How to identify potential network problems in C4C using HTTP Watch
It is possible to identify some type of network problems and information that could be very useful for further network analysis using HTTP Watch which will help, by example:
- Long Send times. “Send is the time required to send the HTTP request message to the server and will depend on the amount of data that is sent. For example, long Send times will result from uploading files using an HTTP POST” (ref. http://help.httpwatch.com/time_chart.html)
This is an example of a trace that showed high send time and this was observed during the refresh of the ticket list.
On the previous example, it is observed that the first trace took 22 seconds, the upload bandwidth was 0.001Mbps compared to the second trace that only took 0.004 seconds where the bandwidth was 8.1Mbps.
- Long Receive times. “In the same way that we could have long send times we can also have long receive times. Receive is the time taken to read the response message from the server. This value will be depend on the size of the content, network bandwidth and whether HTTP compression was used” (ref. http://help.httpwatch.com/time_chart.html).
The example above shows a very poor bandwidth of only 0.0003 Mbps for download.
- Long TCP connections. “Connect is the time required to create a TCP connection to the web server (or proxy). If a secure HTTPS connection is, being used this time includes the SSL handshake process.

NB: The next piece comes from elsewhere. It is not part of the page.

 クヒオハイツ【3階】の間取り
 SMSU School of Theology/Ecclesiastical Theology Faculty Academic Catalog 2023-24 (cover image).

Keep-Alive connections are often used to avoid the overhead of repeatedly connecting to the web server” (ref. http://help.httpwatch.com/time_chart.html).
This is another indicator of a potential problem in the network which will impact the user experience.
The previous example shows a very bad case where the connect time was 7.8 seconds.
- Long SSL Handshakes. “SSL Handshake is the time required to setup an SSL session between the browser and the web server” (ref. http://help.httpwatch.com/time_chart.html).
This could happen between the browser and the proxy, the browser and Akamai or the browser and the SAP load balancing depending on the network configuration.
This is another indicator of a potential problem in the network, which will influence the user experience.
The previous example shows a SSL Handshake of 2.8 seconds, which at the end will impact the end user experience.
- Long blocked times. “The Blocked time includes any pre-processing time (such as cache lookup) and the time spent waiting for a network connection to become available. IE 7 and Firefox 2 will only create a maximum of two concurrent network connections per host name (i.e. www.microsoft.com and will queue up requests until a network connection is available. Often the Blocked time is the most significant factor in the download time of images embedded in a web page” (ref. http://help.httpwatch.com/time_chart.html).
Newer browsers support more concurrent connections but all have limits.
It is important to mention that this could be caused by a network problem but also by a computer problem, in order to try to reduce the variables is recommended to use another browser and see if it behaves the same or start the browser in safe mode to remove the noise cause by add-on (long block times could also mean a slow computer or device).
The example above we can see block times of over 500 milliseconds with apparently no other parallel HTTP request happening, which could be a good indication that something is not correct in the PC or the network.
- IP of host to where PC/browser is connecting. Following the same scenario from the send time example showed before and after realizing that browser took almost 23 seconds to send only 3.9 KB of data what is important is to know to who the browser was sending the data
Within the HTTP Watch Studio selecting the request that has the long send time under the “Stream” tab we can see the IP of the host to where the browser send the data, in this case is 10.3.0.228
Normally this will either be the IP of the Akamai server, SAP load balancing (when Akamai is not active) or the forward proxy.
As it was identified before the IP which is receiving the data from the browser is 10.3.0.228, which means it is private IP and for that reason it can be deduct that there is a on premise proxy being used and the long send time is within the customer network, from the PC where the browser is running to the forward proxy
- Other Scenarios. Long DNS Lookup, browser exceptions, or others could be catch and it will depend if the browser detects a network error like ERROR_INTERNET CONNECTION_ABORTED, ERROR_INTERNET_NAME_NOT_RESOLVED, ERROR_INTERNET_CONNECTION_RESET, etc.